§ Task requirements: The response must consist of the lines below from the one with "vidaXL Table basse" through the one with "2011 Nissan Altima", exactly as they appear and with both ends kept.

[Brief descriptive captions]
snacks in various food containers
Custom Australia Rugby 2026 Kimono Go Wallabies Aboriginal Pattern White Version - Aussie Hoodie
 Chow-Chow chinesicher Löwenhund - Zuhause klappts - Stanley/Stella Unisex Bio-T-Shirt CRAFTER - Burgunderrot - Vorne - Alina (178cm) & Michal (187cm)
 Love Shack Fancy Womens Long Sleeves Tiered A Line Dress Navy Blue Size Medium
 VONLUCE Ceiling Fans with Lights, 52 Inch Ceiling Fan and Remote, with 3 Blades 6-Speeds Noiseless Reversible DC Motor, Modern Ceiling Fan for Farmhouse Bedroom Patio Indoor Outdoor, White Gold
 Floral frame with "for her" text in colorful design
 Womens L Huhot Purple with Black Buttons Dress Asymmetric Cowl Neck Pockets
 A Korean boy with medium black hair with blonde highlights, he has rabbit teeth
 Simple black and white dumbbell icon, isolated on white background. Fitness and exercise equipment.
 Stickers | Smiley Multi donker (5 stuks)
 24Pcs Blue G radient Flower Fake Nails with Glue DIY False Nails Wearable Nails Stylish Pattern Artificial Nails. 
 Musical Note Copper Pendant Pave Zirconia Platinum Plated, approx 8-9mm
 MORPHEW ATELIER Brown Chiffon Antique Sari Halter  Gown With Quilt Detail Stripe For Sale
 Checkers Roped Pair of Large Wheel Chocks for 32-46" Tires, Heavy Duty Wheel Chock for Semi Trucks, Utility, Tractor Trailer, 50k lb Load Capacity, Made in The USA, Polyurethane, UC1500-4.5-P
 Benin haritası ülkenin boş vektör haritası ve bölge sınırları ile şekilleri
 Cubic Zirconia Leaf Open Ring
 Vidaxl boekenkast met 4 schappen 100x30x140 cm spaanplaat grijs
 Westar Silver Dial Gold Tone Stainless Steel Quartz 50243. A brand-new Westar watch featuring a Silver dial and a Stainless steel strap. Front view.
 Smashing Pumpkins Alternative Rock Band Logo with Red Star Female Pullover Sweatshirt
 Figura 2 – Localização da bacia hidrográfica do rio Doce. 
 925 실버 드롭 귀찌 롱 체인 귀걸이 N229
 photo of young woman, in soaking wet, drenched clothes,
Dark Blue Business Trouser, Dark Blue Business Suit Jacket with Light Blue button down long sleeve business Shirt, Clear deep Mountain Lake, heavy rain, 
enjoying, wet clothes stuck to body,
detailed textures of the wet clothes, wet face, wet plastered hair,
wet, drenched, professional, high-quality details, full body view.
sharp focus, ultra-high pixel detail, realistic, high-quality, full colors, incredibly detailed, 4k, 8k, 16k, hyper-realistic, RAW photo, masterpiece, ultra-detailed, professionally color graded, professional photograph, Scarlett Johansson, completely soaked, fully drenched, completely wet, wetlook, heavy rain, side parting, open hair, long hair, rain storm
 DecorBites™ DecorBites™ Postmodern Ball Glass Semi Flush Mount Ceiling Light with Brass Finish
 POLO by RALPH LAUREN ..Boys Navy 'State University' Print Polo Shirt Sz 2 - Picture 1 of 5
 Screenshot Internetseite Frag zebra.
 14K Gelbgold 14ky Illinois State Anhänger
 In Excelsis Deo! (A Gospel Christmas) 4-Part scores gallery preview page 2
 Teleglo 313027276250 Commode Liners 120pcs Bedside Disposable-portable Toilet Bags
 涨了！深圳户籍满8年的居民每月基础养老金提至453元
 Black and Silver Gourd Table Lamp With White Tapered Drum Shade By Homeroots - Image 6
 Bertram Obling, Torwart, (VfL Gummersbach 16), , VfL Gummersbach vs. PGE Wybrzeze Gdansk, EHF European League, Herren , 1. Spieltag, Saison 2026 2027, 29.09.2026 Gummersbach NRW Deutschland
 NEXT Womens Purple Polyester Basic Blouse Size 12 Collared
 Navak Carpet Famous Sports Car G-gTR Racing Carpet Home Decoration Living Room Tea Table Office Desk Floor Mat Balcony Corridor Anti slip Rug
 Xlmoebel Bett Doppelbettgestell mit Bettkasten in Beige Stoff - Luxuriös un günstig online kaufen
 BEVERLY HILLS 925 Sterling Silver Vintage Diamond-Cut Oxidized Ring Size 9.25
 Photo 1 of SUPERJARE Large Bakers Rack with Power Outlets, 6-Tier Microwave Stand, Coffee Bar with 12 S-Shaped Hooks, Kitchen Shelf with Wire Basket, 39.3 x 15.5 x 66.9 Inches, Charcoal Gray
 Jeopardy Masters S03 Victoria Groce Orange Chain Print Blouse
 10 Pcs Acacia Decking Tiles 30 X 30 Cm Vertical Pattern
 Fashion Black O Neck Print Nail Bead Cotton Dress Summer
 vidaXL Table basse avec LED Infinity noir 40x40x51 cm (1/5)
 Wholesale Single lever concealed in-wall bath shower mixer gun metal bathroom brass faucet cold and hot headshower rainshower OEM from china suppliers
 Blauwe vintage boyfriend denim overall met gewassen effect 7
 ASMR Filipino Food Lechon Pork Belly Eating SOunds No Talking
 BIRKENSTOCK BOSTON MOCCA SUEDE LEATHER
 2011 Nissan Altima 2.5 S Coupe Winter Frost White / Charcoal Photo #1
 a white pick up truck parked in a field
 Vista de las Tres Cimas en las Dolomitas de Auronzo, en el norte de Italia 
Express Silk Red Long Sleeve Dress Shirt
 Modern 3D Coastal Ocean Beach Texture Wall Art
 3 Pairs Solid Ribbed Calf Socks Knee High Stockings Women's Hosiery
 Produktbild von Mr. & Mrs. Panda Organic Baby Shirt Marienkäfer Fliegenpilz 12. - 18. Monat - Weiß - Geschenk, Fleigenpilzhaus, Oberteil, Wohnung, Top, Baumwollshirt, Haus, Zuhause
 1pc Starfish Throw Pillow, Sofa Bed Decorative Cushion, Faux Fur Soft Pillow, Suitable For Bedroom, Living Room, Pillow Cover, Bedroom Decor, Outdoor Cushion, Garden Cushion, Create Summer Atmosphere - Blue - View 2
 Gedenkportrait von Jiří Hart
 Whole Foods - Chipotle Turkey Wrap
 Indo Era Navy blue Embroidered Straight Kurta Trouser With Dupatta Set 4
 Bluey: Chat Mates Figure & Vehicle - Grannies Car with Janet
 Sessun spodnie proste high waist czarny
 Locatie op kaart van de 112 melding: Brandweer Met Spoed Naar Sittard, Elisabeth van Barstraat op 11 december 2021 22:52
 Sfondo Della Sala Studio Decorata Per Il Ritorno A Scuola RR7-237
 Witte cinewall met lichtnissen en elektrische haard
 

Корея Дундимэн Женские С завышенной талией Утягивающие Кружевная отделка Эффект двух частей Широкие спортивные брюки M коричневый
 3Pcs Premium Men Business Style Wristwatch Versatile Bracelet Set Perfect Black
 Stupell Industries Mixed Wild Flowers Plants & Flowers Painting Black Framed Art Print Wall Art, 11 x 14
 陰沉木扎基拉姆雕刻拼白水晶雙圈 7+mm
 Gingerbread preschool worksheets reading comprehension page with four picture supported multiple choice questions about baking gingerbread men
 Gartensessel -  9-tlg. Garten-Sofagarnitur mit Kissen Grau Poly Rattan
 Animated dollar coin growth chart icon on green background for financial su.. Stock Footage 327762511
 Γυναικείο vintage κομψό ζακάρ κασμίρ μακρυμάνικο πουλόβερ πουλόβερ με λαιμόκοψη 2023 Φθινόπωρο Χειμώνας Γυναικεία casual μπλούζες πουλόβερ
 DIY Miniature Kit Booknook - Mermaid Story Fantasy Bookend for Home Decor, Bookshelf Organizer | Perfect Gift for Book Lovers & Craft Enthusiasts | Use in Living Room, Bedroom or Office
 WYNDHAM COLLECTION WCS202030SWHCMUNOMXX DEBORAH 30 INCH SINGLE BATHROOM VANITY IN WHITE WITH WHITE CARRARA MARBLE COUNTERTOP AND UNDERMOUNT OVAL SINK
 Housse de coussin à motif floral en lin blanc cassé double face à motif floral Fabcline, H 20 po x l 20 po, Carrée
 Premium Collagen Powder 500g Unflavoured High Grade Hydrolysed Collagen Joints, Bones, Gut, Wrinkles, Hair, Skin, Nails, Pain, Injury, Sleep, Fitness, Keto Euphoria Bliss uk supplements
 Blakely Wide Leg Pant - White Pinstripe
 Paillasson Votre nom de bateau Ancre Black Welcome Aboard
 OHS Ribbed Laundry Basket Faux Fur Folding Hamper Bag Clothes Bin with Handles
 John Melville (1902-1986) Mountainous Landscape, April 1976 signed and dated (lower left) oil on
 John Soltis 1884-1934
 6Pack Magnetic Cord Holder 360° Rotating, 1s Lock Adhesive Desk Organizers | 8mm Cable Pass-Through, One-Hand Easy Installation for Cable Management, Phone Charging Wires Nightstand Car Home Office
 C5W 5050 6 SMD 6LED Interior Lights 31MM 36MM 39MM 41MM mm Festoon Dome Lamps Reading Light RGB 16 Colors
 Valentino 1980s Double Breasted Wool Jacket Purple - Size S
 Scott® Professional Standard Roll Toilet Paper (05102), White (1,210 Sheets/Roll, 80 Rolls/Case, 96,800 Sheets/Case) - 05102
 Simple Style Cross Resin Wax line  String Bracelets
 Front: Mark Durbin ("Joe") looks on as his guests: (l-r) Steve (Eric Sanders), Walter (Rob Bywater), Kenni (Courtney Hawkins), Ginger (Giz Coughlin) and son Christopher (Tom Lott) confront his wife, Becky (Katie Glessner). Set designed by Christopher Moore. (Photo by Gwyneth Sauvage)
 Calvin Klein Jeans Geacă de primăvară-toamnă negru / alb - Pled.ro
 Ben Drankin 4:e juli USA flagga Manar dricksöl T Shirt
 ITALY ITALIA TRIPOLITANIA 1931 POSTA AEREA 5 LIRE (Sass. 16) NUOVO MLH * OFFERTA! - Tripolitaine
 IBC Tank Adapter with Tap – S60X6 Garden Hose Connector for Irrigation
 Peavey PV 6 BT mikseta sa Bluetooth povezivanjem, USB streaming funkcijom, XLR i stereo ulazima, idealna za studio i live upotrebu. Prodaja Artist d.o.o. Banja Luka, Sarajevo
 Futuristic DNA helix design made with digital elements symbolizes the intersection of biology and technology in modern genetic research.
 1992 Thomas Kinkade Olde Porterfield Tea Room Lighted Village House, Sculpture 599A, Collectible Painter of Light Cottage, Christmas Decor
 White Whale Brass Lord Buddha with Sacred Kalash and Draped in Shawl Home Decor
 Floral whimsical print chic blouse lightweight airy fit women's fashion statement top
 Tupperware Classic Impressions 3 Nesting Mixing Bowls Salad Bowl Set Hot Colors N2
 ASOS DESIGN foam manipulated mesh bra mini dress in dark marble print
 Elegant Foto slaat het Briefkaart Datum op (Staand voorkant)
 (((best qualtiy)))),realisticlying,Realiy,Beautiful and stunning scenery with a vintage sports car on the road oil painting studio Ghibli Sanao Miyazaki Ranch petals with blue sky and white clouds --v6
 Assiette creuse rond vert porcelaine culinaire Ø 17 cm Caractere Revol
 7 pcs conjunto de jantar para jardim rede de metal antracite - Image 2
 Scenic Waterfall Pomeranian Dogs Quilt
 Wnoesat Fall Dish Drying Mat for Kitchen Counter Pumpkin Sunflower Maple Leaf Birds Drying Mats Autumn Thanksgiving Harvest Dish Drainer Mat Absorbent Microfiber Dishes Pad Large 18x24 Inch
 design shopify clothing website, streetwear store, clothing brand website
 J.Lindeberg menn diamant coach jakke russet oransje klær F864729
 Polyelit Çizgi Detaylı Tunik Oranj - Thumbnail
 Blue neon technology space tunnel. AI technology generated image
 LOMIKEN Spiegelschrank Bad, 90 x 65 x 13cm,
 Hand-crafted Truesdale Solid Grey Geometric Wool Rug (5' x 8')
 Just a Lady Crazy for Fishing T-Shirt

§ Answer to the exercise:
 vidaXL Table basse avec LED Infinity noir 40x40x51 cm (1/5)
 Wholesale Single lever concealed in-wall bath shower mixer gun metal bathroom brass faucet cold and hot headshower rainshower OEM from china suppliers
 Blauwe vintage boyfriend denim overall met gewassen effect 7
 ASMR Filipino Food Lechon Pork Belly Eating SOunds No Talking
 BIRKENSTOCK BOSTON MOCCA SUEDE LEATHER
 2011 Nissan Altima 2.5 S Coupe Winter Frost White / Charcoal Photo #1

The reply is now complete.